Director: Nicolás Pereda
Genre: Fantasy, Romance
Run Time: 76′
New York Film Festival Premiere: September 29-October 1, 2024
Release Date: TBA
It’s not a lack of imagination that is the pitfall of Nicolás Pereda’s newest film, Lázaro at Night (Lázaro de Noche), but rather the inconsistency of it. Pereda’s movie attempts to mix hyperrealism with masterful fantasy, but the writer-director does not have a firm enough handle on the film’s off-kilter tone to make a blend of the two concepts work.

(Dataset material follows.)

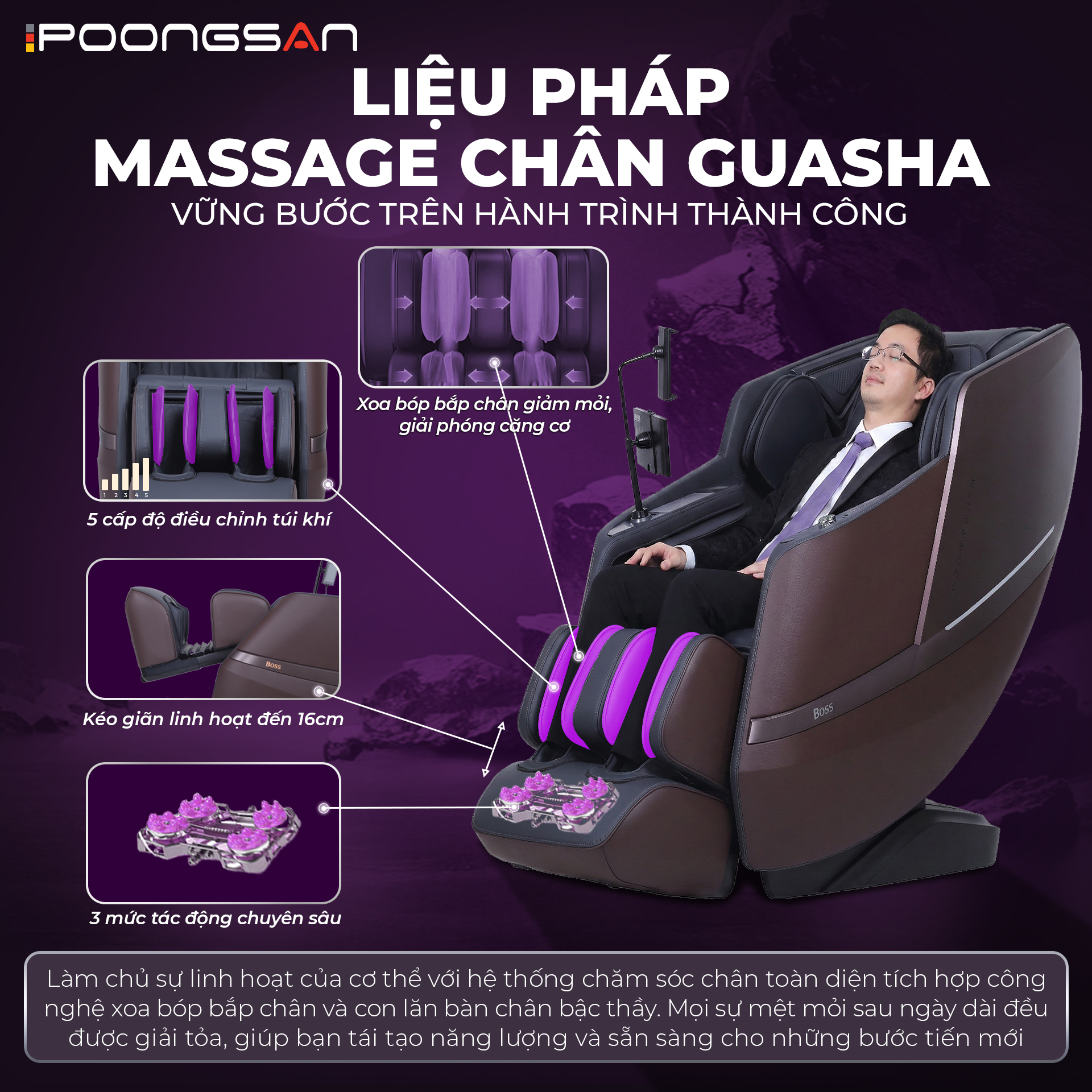 hệ thống ổn định lực k&eacute;o ch&acirc;n ghế massage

Lázaro at Night tells the story of a love triangle between three aspiring actors: Lázaro (Lázaro Gabino Rodríguez), Luisa (Luisa Pardo), and Francisco (Francisco Barreiro). The film opens with Luisa letting Francisco in on her plans to tell Lázaro they are having an affair. The issue here is that Luisa and Lázaro have been together for years. The trio, all in their forties, have been close ever since they connected in a writing workshop they took early on in their careers. While initially interested in writing, the three evolved their interests in acting. The trio appears to not have separated since they first met, all developing an intensely intertwined, codependent relationship with one another that has now been further complicated with the affair between Luisa and Francisco.

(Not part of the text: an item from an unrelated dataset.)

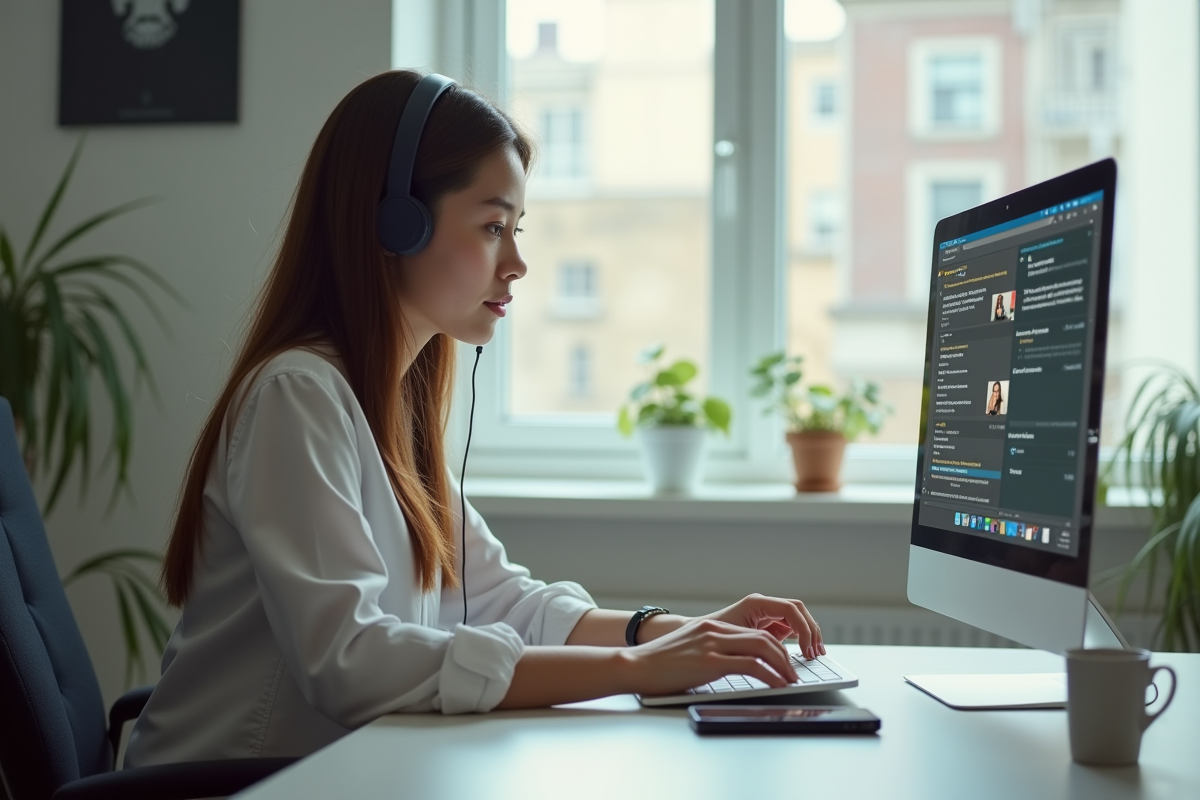 Jeune femme travaillant sur son ordinateur dans un bureau lumineux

To further disturb their lives, all three are auditioning for parts in the same low-budget movie being directed by a skeevy and pretentiously unorthodox director. Through their audition process, we learn about the personalities, aspirations, dreams and desires of all three characters as they fight to sell themselves to a director who does not deserve the importance they have placed on his approval.
While the trio met years before, all wanting to make something of themselves within the creative space, none of them have succeeded thus far. All three characters see the prospect of being cast in this film as a way to launch themselves into the life they were convinced they would one day lead. Lázaro, a betting man who lives with his mother (Teresita Sánchez), sees this as a chance to make his own money and finally stand on his own two feet. Luisa sees this as a foolproof reason to tell her mother she cannot leave the country to move in with her and work a job doing manual labor. Francisco sees this as a way to validate himself as an actor in a way that is undeniable to others.

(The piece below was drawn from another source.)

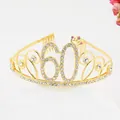 Golden birthday tiara with sparkling rhinestones and number 60 for party celebrations - 60 Years Old / Gold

Lázaro at Night flashes between present, past and fantasy in a way that makes the timeline of the film collapse in itself. The movie is informally broken up into these three separate parts, but there is no resolution of the storyline of the present before we move back into the past, or the past before we move into the fantasy aspect of the film. The ambiguity feels somewhat intentional, yet the structure of the film is unable to guide viewers to come to their own conclusions in a meaningful way.
Lázaro at Night is provocative in a frustrating sense. The entire film feels like it’s winking at the audience, trying to cue them in on a joke or message that it doesn’t even seem to understand. There’s a level of admiration I have for directors who really and truly desire to push the bounds of what storytelling can look like but Pereda’s vision pushes the limits of what audiences will be willing to tolerate.
While the film is determined to use unconventional storytelling in order to make grand statements about the absurdity of desire, humanness and perception of success, the audience is left to connect all of the dots the movie seems to think are beneath its surface. It’s hard to lend credibility to the deeper aspects of the film when the audience is struggling to understand what the surface level aspects of the film are even attempting to do.
The last part of Lázaro at Night veers into a modern depiction of Aladdin that Luisa had written in that fateful writing workshop the central trio met in. Luisa’s piece of work is being acted out by Lázaro and his disapproving mother and this final act of the film exists as a figment of Lázaro’s imagination. It’s meant to be a humorous depiction of humility in a world of excess, with Lázaro and his mother starving and asking the genie for food they know they will never be able to finish. Lázaro, as he has been throughout the entire film, is not in on this joke and unable to see the absurdity or lack of forethought in his wish.
There’s a message baked in this metaphor about Lázaro’s approach to life, constantly betting and biting off more than he can chew without caring about the consequences or implications of his actions. However, the power of this message is cut down by the two roughly five-minute-long scenes of his mother and him eating in dead silence, never learning their lesson. It’s the type of filmmaking risk that either plays really well or not at all and unfortunately for Lázaro at Night, the result lends itself to the latter.
Pereda’s direction leaves its audience lingering in a joke longer than it is funny for the entire film. His characters often degrade themselves, not learning from their degradations in any meaningful way, and the audience is forced to watch on. Something about this aspect of his directorial style is reminiscent of Yorgos Lanthimos and his signature directorial tone. But, where Lanthimos has solidified this employment of tone, Pereda seems to continue to struggle with it.
Lázaro at Night is not an easy film to digest. Its radical shifts in genre without a clear indication of tone from Pereda making it a jarring film to try and dissect. By the end of the runtime, there are more questions than there are answers and an even worse understanding of what the film was truly trying to say in its own convoluted way.
Lázaro at Night was screened at the New York Film Festival on September 29-October 1, 2024.